A quelques heures de l’ouverture du Sommet d’Accra, le représentant spécial du Secrétaire général des Nations Unies pour l’Afrique de l’Ouest et le Sahel, Mahamat Saleh ANNADIF, a rencontré le Premier ministre guinéen, Mohamed Béavogui. L’échec du dialogue du 27 juin, par la faute des autorités guinéennes risque de peser lourd dans la balance.

Certains estiment que cette visite du diplomate onusien à Conakry s’explique par le fait que « les Nations-Unies accompagnent la Guinée dans le processus de la Transition.
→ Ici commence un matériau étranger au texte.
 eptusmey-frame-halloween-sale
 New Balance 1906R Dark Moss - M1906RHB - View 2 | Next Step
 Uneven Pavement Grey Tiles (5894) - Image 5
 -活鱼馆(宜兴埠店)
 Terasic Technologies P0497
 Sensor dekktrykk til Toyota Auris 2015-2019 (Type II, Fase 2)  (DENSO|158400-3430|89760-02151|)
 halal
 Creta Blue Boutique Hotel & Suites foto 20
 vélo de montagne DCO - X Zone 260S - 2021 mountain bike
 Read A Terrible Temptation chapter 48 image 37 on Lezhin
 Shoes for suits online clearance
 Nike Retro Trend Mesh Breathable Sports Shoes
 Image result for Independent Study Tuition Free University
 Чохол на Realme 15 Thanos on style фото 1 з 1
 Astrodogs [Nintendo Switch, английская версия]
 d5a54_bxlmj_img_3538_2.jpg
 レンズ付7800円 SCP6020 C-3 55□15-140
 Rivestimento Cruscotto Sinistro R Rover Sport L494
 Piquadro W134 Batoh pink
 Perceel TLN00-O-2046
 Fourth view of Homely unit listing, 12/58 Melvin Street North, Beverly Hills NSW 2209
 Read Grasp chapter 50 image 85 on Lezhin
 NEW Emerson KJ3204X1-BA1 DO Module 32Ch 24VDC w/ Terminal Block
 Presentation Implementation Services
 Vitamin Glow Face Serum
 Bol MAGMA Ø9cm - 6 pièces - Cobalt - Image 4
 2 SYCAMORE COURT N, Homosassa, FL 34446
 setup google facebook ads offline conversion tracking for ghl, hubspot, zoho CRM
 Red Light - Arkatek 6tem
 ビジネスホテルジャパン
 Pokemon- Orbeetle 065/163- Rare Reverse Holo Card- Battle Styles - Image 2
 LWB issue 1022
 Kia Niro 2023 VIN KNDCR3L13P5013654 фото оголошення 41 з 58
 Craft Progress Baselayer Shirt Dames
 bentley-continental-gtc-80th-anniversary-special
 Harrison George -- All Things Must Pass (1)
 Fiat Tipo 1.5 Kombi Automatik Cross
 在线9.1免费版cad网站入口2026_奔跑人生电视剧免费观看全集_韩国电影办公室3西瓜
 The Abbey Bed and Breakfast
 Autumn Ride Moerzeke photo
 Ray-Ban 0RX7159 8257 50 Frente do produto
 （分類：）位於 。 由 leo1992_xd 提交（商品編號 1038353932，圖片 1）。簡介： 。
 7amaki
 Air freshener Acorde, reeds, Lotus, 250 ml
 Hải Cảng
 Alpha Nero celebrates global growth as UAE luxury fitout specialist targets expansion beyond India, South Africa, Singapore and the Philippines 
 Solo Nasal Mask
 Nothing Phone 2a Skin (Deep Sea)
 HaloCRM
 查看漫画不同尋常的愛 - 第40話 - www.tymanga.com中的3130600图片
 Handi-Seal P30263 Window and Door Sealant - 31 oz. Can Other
Donc, avant de se rendre à Accra, il était tout à fait normal qu’il vienne tâter les réalités sur le terrain, comprendre ce qui est en train d’être fait, tant sur le dialogue que sur d’autres sujets, pour transmettre ses remarques à la Cedeao », en rappelant qu’à « la veille du dernier sommet d’Accra, il s’était rendu à Ouagadougou pour rencontrer la junte Burkinabè« .

Selon la Cellule de communication du gouvernement guinéen, M. Annadif a déclaré a « estimé nécessaire de venir parler avec nos frères Guinéens, écouter le message qu’ils veulent nous transmettre et surtout comprendre un certain nombre de dynamiques et d’avancées […] que nous pouvons partager avec les Chefs d’États de la CEDEAO ».

Pour sa part, le Premier ministre a salué cette démarche et indiqué qu’il « y a une volonté politique forte pour un dialogue apaisé. Nous ne pouvons pas faire l’économie du dialogue ».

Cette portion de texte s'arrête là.